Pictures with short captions
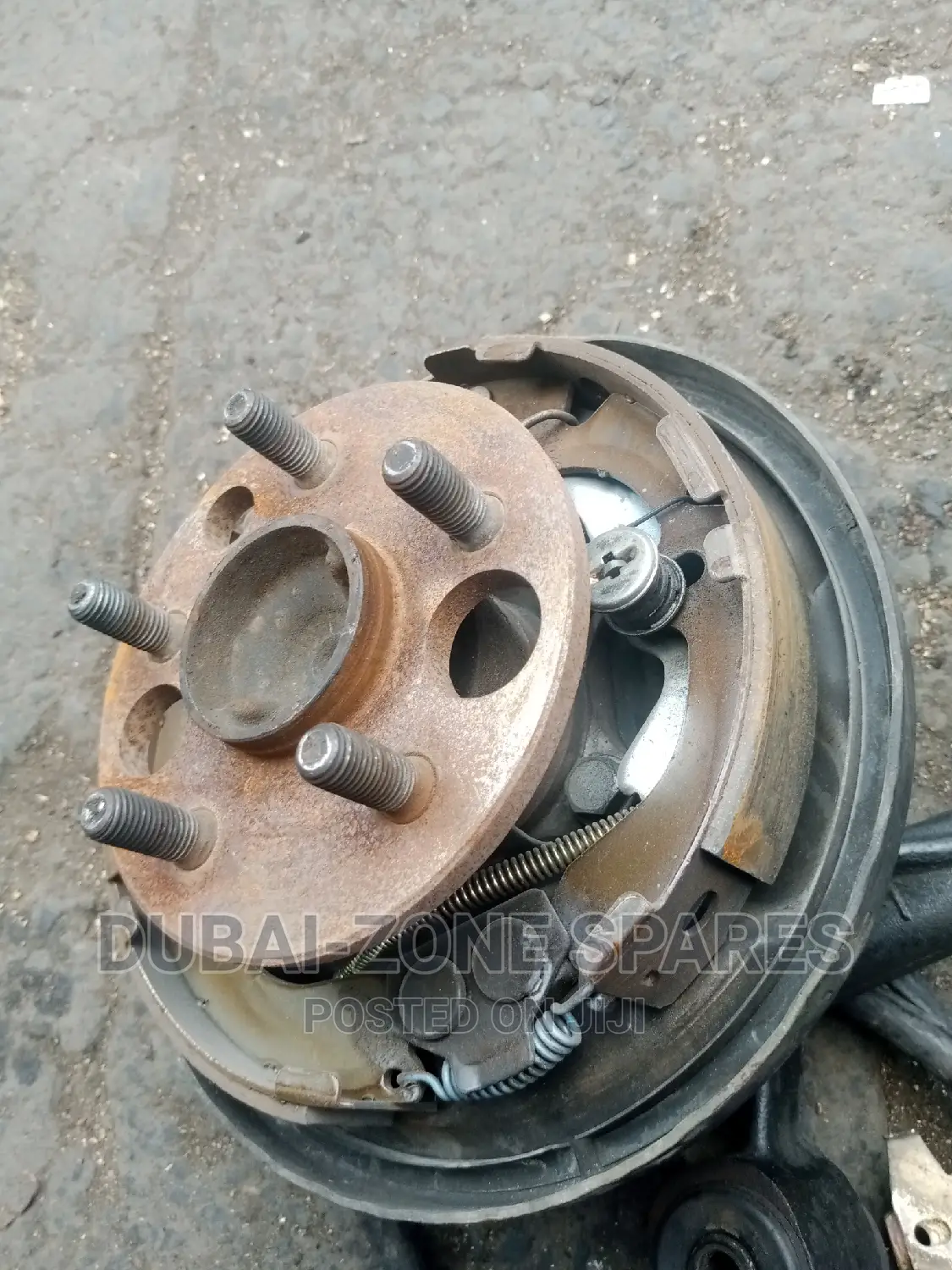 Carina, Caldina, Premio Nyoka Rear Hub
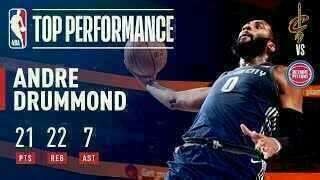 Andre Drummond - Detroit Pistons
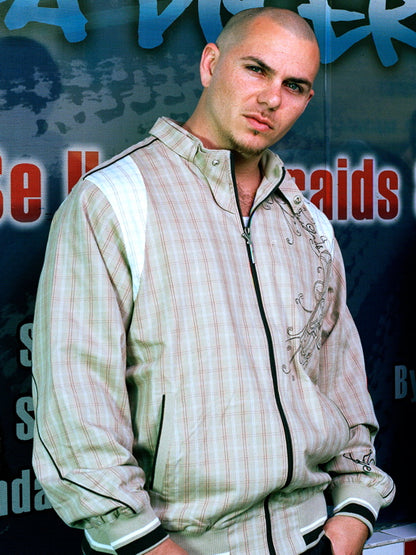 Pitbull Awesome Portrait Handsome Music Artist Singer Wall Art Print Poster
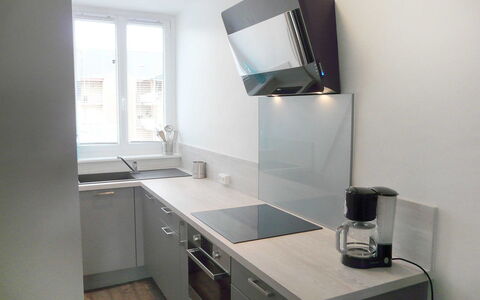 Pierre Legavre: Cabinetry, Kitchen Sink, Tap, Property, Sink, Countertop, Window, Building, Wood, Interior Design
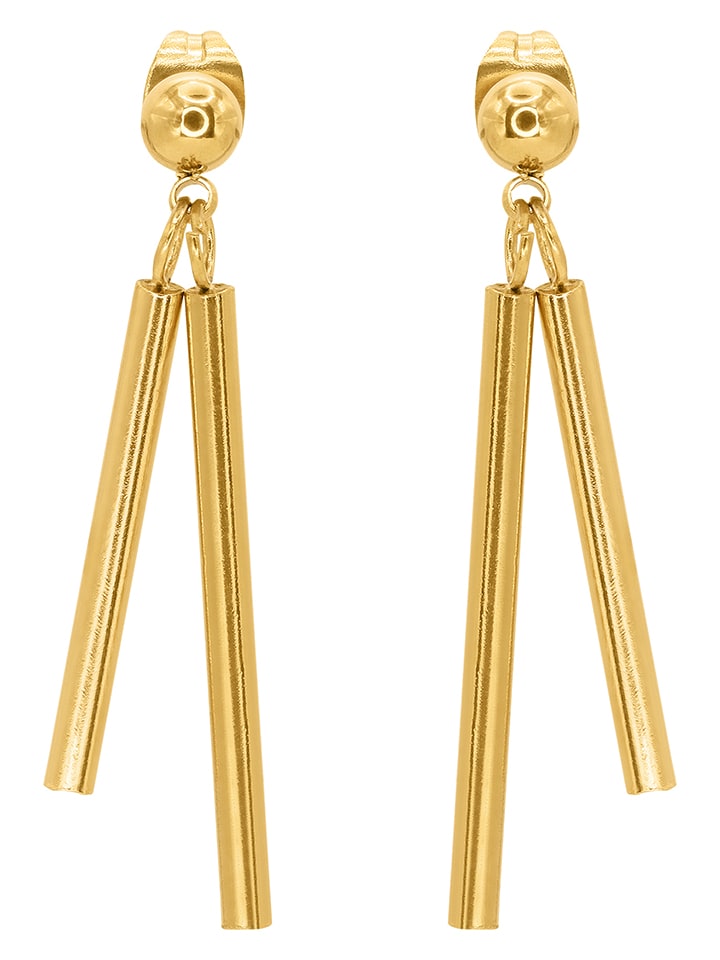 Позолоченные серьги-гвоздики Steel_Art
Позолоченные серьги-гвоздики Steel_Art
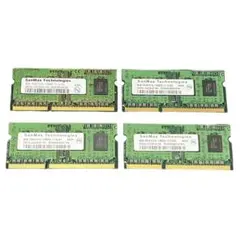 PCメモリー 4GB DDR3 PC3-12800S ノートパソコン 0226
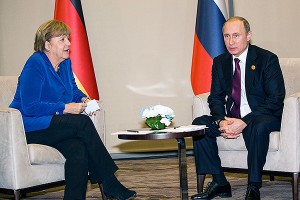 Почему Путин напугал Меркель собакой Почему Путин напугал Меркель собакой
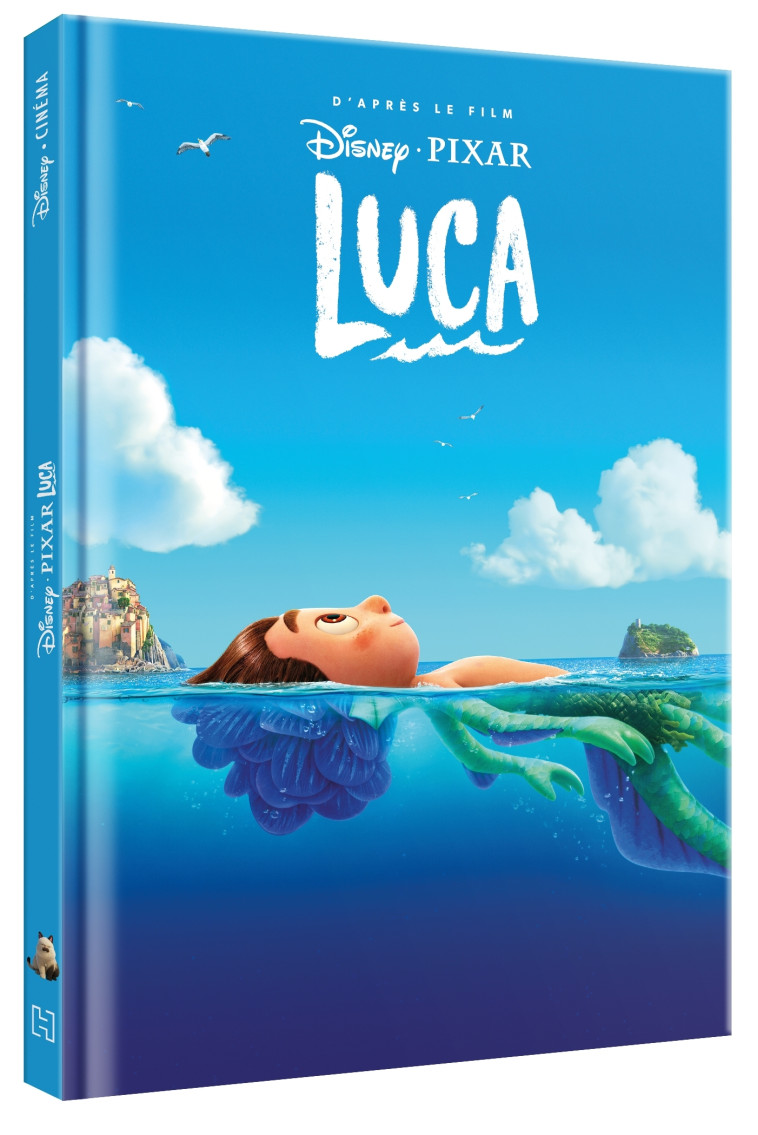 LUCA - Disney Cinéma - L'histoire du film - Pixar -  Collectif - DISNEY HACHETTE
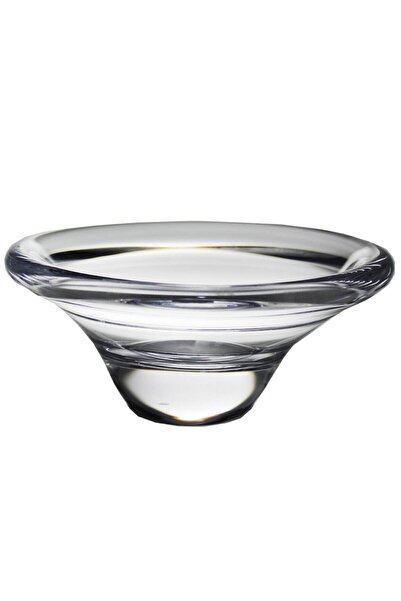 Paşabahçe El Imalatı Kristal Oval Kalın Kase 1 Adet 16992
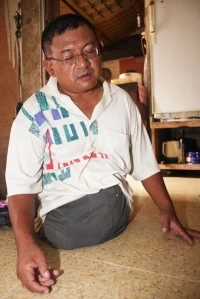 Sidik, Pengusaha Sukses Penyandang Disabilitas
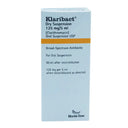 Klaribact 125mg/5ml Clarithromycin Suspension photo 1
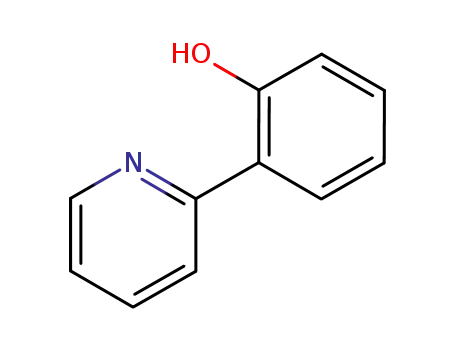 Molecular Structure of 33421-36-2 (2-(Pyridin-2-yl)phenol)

Work instruction: Reproduce the data word for word without its images.

Task response:
 Carina, Caldina, Premio Nyoka Rear Hub
 Andre Drummond - Detroit Pistons
 Pitbull Awesome Portrait Handsome Music Artist Singer Wall Art Print Poster
 Pierre Legavre: Cabinetry, Kitchen Sink, Tap, Property, Sink, Countertop, Window, Building, Wood, Interior Design
 Позолоченные серьги-гвоздики Steel_Art
Позолоченные серьги-гвоздики Steel_Art
 PCメモリー 4GB DDR3 PC3-12800S ノートパソコン 0226
 Почему Путин напугал Меркель собакой Почему Путин напугал Меркель собакой
 LUCA - Disney Cinéma - L'histoire du film - Pixar -  Collectif - DISNEY HACHETTE
 Paşabahçe El Imalatı Kristal Oval Kalın Kase 1 Adet 16992
 Sidik, Pengusaha Sukses Penyandang Disabilitas
 Klaribact 125mg/5ml Clarithromycin Suspension photo 1
 Molecular Structure of 33421-36-2 (2-(Pyridin-2-yl)phenol)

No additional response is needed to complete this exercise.